As per the more technical elements of the film, cinematography is solid, neat and comprehensive enough for any demanding viewer who is not really too keen in dissecting every angle of the film and what it means. Costume design and production design was right on balance in their re-creation of the late 1970s Iran and USA. Especially considering the chaotic reconstruction of the Iranian revolutionaries of the time, the production team made an excellent work in keeping faithful with the period’s visual thematology.
And a little bit about the actors, how could we not of course when we have actors like Alan Arkin (Little MissSunshine, Rendition, Glengarry Glen Ross), Bryan Cranston (Breaking Bad, Drive, Malcom in the Middle) and the master of all John Goodman (The Big Lebowski, Flight, The Artist, Roseanne). These three men are the touchstones of this film; they are what make this film big, what keeps this film going, what makes it a hard champion in its kind. All three actors, are well beyond their prime but they are truly exceptional talents in the film industry. It would be of course unforgivable of me not to mention some of the actors in this film, which are most of the times easily mis-forgotten and underrated in the Hollywoo-land; Victor Garber, Clea DuVall, Tate Donovan, Kyle Chandler, Zeljko Ivanek, Chris Messina. All of these actors were the fundamental element why this film works. The chemistry of the entire cast bounces off so well, that it cannot leave the viewer unaffected on their personal drama.

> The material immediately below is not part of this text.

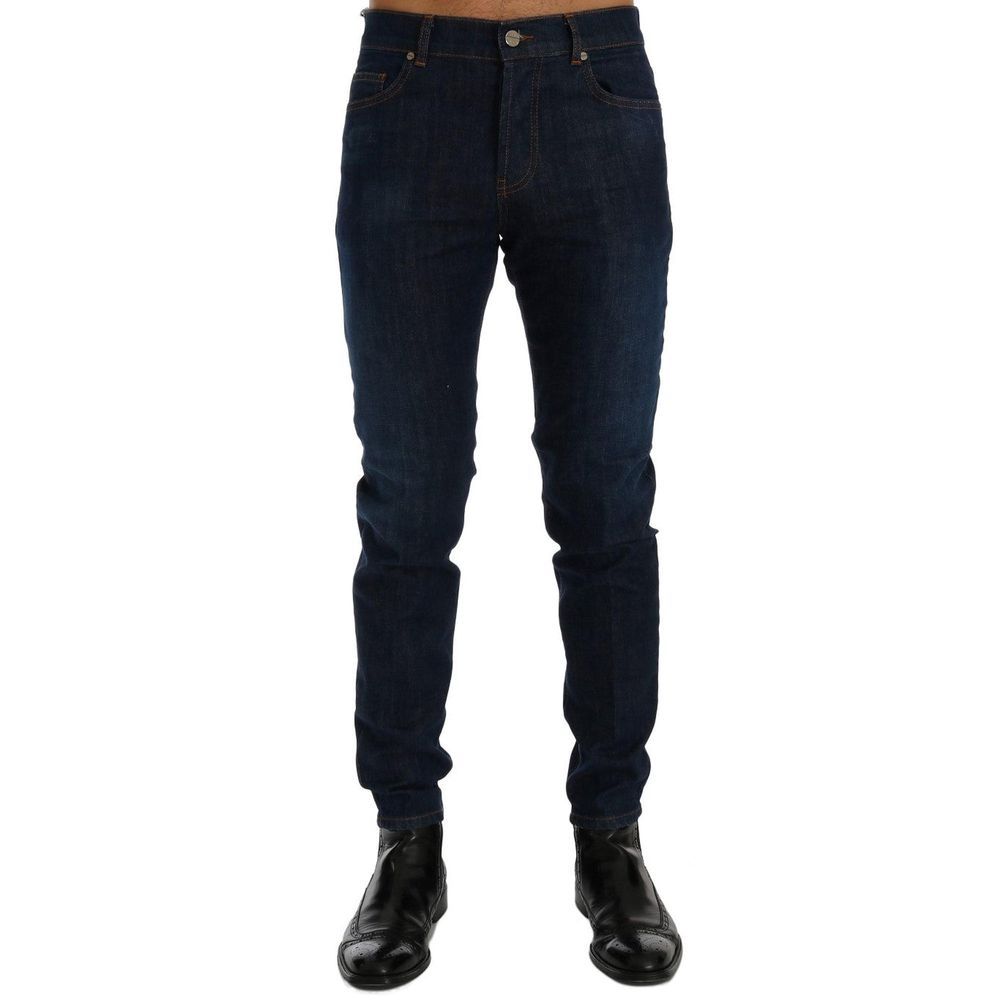 Jeans by Frankie Morello for men in stretch denim cotton blue features an refined tailoring silhouette, showcasing a premium slim with a and long cut for a refined tailoring look.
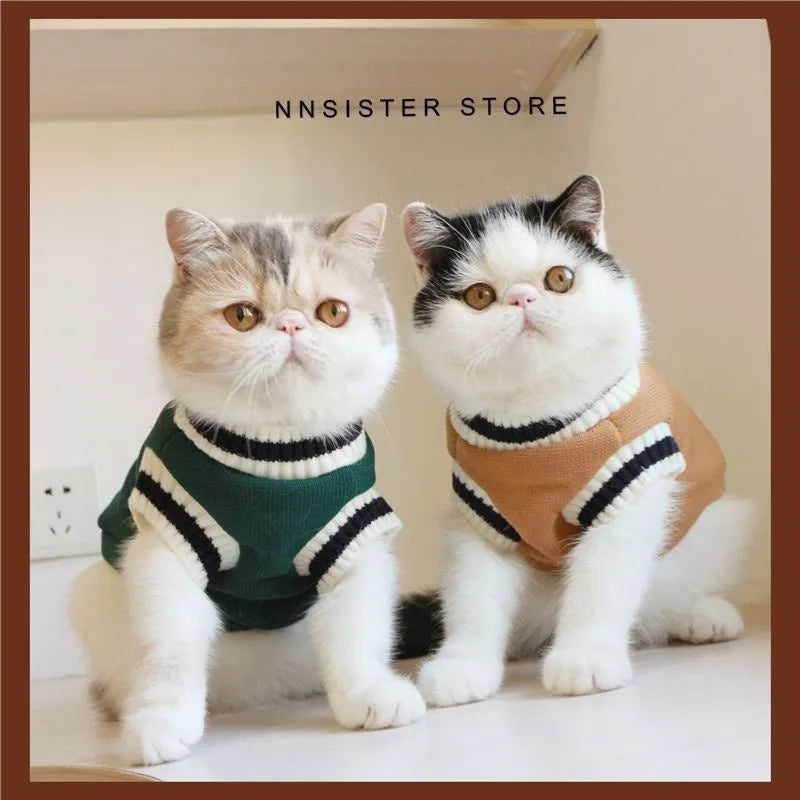 Silver gradient college style pet winter clothes shown in blue duck colour on size chart with weight ranges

Just to finish off quickly by giving also the thumbs up for the astounding music composer Alexandre Desplat. His superb original music score guides through the plot marvelously, interchanging from the rusty mellow music of the drama into the light-hearted moments of the “making of” of the fake film.
Personally, I see this film taking home the Oscar for Best Picture. Not because there aren’t better films out there, but because it touches on a very daring subject, especially for the American people of Hollywood. It gathered a lot of force and effort to be made, I am sure that many people would have advised against this film being made so pompously as it did, wanting to avoid any political characters being heralded so gloriously in the Academy Awards. Given the fact though, that in the years’ passed, Kathryn Bingelow won the Best Picture Award for a highly infused political action drama (‘The Hurt Locker’), then this year’s win would not surprise me in the least. After all, when you have as your main producer people like George Clooney involved, you know you’re bound to be served a good political intrigue. And this year, we green-light this one.